(Image via Pittsburgh City Paper)
By Jordana Rosenfeld
PITTSBURGH — A new study will follow residents of two predominantly Black neighborhoods in Pittsburgh to examine how exposure to the legacies of structural racism at the neighborhood and individual levels may contribute to the risk of Alzheimer’s disease and related dementia in Black people.
The RAND Corporation and the University of Pittsburgh study will involve 1,100 residents of the Hill District and Homewood, looking at how neighborhood segregation and subsequent disinvestment contributes to poor cognitive outcomes for Black populations by lowering access to education and elevating exposure to stressors such as discrimination.
While Black populations tend to have higher rates of Alzheimer’s and related dementias relative to white Americans, there is a lack of a comprehensive understanding of how the lived experiences of being Black may be associated with those risks.
“Understanding the structural factors and the resulting life experiences that contribute to differences in the risk of Alzheimer’s and related dementia risk among African Americans is critical to advancing our knowledge of the historical impact of policies on African Americans today, in addition to future prevention and intervention efforts,” Tamara Dubowitz, co-leader of the project and a senior policy researcher at RAND, said.
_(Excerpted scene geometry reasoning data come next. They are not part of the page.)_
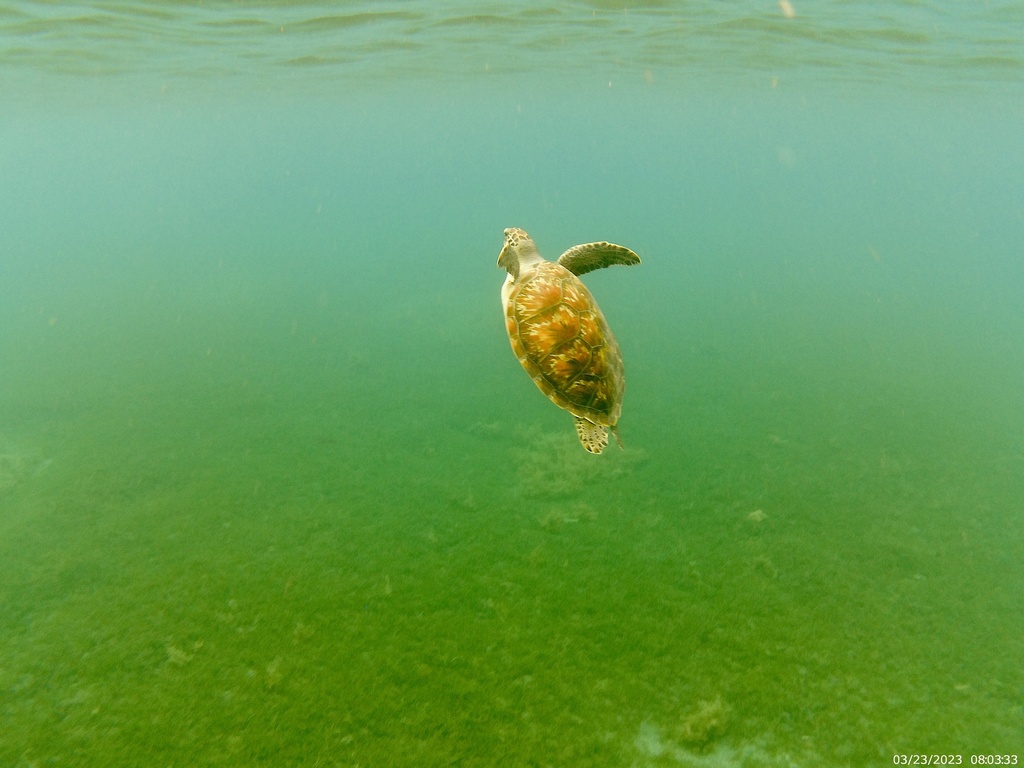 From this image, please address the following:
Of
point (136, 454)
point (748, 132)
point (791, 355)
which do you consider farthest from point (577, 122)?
point (136, 454)

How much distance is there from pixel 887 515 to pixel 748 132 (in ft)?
244

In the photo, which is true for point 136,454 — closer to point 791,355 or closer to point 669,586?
point 669,586

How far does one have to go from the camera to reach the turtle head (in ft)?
20.5

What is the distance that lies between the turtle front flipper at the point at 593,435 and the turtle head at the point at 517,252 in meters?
1.89

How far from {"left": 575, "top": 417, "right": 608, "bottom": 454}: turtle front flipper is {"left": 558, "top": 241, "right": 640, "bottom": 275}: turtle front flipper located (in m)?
1.88

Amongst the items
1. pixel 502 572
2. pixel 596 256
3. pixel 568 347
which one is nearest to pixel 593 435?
pixel 568 347

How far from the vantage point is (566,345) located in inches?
205

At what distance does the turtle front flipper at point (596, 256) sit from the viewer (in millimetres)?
6230

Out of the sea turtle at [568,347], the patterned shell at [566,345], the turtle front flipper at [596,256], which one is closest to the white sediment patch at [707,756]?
the sea turtle at [568,347]

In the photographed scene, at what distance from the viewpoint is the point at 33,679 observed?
18.1ft

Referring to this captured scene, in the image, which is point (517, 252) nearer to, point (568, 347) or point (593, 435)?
point (568, 347)

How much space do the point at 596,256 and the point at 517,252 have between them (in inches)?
36.7

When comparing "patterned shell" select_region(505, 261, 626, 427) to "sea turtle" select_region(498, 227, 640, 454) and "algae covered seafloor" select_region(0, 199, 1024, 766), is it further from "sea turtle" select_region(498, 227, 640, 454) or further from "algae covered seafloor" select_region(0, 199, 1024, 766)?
"algae covered seafloor" select_region(0, 199, 1024, 766)

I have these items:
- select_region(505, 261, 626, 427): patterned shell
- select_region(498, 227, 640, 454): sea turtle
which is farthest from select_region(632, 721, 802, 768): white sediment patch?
select_region(505, 261, 626, 427): patterned shell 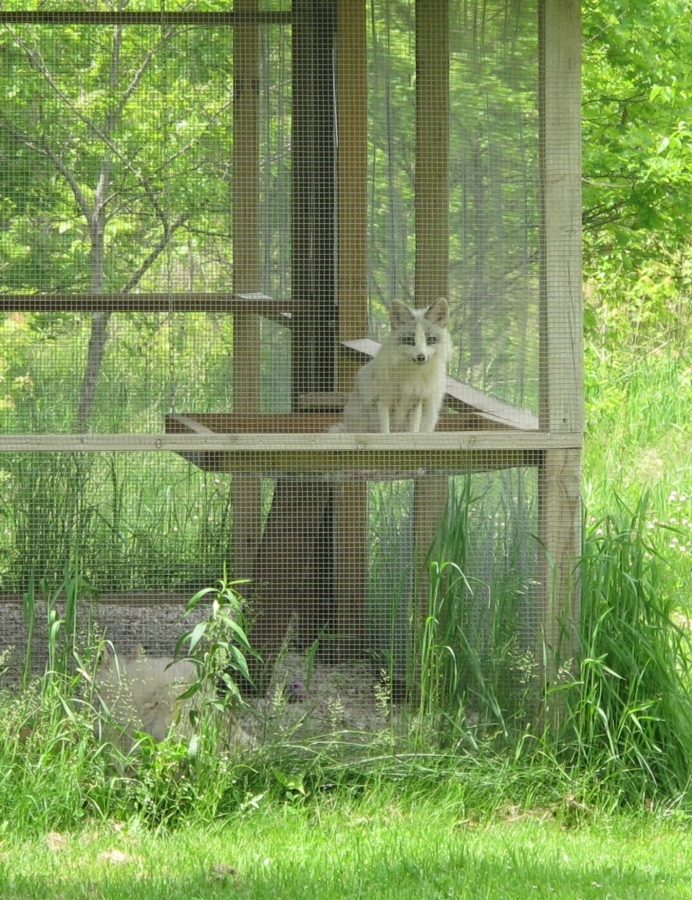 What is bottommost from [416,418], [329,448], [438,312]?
[329,448]

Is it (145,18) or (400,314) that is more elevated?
(145,18)

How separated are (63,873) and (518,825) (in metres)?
1.32

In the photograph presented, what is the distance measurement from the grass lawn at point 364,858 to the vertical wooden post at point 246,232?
4.42 ft

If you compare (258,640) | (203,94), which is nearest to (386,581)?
(258,640)

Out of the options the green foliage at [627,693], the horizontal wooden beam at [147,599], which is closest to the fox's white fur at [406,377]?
the green foliage at [627,693]

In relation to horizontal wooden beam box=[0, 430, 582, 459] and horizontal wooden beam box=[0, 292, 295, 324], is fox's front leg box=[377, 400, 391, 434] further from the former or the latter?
horizontal wooden beam box=[0, 292, 295, 324]

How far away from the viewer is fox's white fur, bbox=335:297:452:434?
13.4 feet

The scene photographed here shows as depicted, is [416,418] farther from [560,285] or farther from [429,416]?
[560,285]

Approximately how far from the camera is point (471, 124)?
3.94 metres

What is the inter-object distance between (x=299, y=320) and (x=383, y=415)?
2.93ft

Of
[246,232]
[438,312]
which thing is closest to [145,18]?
[246,232]

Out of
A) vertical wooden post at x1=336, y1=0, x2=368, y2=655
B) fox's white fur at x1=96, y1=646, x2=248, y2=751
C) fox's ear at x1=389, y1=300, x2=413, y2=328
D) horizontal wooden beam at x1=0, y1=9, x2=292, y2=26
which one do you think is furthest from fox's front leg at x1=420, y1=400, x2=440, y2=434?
horizontal wooden beam at x1=0, y1=9, x2=292, y2=26

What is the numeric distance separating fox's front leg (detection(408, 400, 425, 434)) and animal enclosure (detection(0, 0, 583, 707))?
11 cm

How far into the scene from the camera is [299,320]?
4.88m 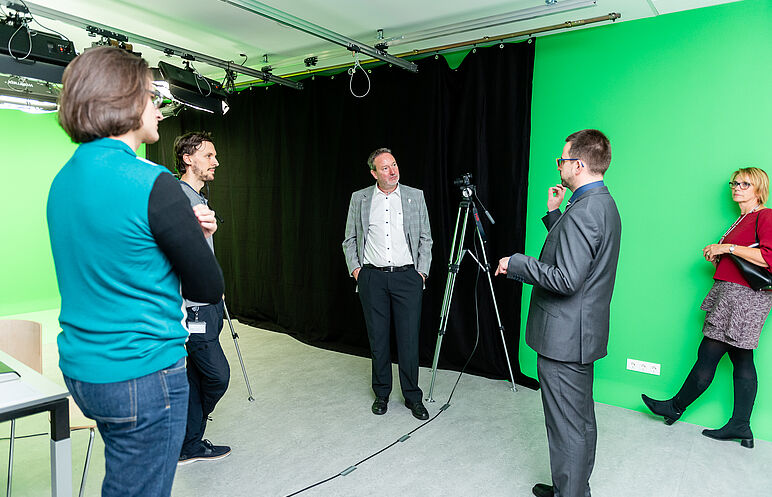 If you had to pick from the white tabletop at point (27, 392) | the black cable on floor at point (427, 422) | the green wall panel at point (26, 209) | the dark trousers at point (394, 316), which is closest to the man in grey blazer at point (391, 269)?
the dark trousers at point (394, 316)

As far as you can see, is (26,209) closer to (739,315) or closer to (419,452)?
(419,452)

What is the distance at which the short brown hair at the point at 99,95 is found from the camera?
1.10m

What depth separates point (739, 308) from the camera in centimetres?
289

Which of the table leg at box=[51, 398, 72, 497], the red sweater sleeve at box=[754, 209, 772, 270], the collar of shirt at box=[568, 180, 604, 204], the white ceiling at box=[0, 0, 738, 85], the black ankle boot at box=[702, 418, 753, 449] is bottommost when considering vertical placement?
the black ankle boot at box=[702, 418, 753, 449]

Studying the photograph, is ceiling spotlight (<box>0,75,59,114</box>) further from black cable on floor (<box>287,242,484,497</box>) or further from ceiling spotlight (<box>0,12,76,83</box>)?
black cable on floor (<box>287,242,484,497</box>)

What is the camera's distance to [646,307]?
3.44 meters

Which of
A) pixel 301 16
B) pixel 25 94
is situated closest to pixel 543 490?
pixel 301 16

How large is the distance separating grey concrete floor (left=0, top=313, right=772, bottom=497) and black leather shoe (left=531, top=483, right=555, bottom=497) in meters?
0.07

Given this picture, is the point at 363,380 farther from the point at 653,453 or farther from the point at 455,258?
the point at 653,453

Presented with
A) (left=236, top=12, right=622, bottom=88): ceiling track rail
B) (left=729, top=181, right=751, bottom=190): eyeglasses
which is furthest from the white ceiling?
(left=729, top=181, right=751, bottom=190): eyeglasses

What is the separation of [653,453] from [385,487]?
1.58 meters

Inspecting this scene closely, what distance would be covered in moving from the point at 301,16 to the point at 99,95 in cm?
290

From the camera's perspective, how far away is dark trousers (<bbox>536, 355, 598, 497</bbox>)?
2.13 metres

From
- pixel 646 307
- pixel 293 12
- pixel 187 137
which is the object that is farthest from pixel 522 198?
pixel 187 137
The five-year study is supported by a $9.6 million grant from the National Institute on Aging and is a part of RAND’s ongoing PHRESH project that, for a decade, has studied the impact of neighborhood investment on diet, sleep, health and well-being of residents of the Hill and Homewood districts in Pittsburgh.
Researchers will also examine potential protective factors that may promote cognitive health, including neighborhood social cohesion, safety and satisfaction, and the role of sleep problems in contributing to cognitive decline.
“Sleep problems are also highly prevalent among Blacks and emerging research suggests that sleep problems may contribute to cognitive decline,” Wendy Troxel, co-leader of the project and a RAND senior behavioral scientist, said.
Jordana Rosenfeld is a reporter for Pittsburgh City Paper, where this story first appeared.